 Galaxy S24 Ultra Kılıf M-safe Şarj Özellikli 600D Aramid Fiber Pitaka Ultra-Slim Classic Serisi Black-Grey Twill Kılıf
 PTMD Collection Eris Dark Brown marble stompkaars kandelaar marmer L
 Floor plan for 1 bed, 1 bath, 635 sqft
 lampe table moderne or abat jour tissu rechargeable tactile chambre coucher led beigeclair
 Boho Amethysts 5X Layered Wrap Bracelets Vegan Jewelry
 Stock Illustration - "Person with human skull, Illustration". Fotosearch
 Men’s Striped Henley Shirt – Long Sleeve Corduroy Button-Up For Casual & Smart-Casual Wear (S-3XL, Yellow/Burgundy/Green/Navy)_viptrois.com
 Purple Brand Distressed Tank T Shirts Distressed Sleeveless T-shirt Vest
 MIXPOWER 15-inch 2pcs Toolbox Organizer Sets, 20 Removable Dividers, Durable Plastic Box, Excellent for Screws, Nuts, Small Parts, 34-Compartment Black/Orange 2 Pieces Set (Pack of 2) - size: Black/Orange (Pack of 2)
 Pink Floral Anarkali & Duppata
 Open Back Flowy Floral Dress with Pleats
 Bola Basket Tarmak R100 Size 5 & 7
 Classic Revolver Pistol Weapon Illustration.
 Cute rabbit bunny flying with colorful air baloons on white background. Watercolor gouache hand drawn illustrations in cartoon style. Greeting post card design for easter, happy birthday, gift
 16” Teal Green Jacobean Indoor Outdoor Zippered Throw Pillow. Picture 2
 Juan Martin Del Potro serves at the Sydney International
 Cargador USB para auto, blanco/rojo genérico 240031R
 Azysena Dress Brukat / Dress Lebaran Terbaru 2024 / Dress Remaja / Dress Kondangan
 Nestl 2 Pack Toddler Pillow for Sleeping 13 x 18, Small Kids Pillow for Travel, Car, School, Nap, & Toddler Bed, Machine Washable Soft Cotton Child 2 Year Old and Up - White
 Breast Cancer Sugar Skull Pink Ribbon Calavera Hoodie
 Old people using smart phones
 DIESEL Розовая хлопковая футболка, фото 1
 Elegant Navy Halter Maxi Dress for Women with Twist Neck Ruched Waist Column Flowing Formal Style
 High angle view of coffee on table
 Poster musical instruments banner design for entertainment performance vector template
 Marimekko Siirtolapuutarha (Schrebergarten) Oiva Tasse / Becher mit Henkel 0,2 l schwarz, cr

┄┄┄┄┄┄

Task objective
Repeat word for word the lines above that run from the line containing "lampe table moderne" through the line containing "Cute rabbit bunny", both ends included, and nothing else.

Answer box
 lampe table moderne or abat jour tissu rechargeable tactile chambre coucher led beigeclair
 Boho Amethysts 5X Layered Wrap Bracelets Vegan Jewelry
 Stock Illustration - "Person with human skull, Illustration". Fotosearch
 Men’s Striped Henley Shirt – Long Sleeve Corduroy Button-Up For Casual & Smart-Casual Wear (S-3XL, Yellow/Burgundy/Green/Navy)_viptrois.com
 Purple Brand Distressed Tank T Shirts Distressed Sleeveless T-shirt Vest
 MIXPOWER 15-inch 2pcs Toolbox Organizer Sets, 20 Removable Dividers, Durable Plastic Box, Excellent for Screws, Nuts, Small Parts, 34-Compartment Black/Orange 2 Pieces Set (Pack of 2) - size: Black/Orange (Pack of 2)
 Pink Floral Anarkali & Duppata
 Open Back Flowy Floral Dress with Pleats
 Bola Basket Tarmak R100 Size 5 & 7
 Classic Revolver Pistol Weapon Illustration.
 Cute rabbit bunny flying with colorful air baloons on white background. Watercolor gouache hand drawn illustrations in cartoon style. Greeting post card design for easter, happy birthday, gift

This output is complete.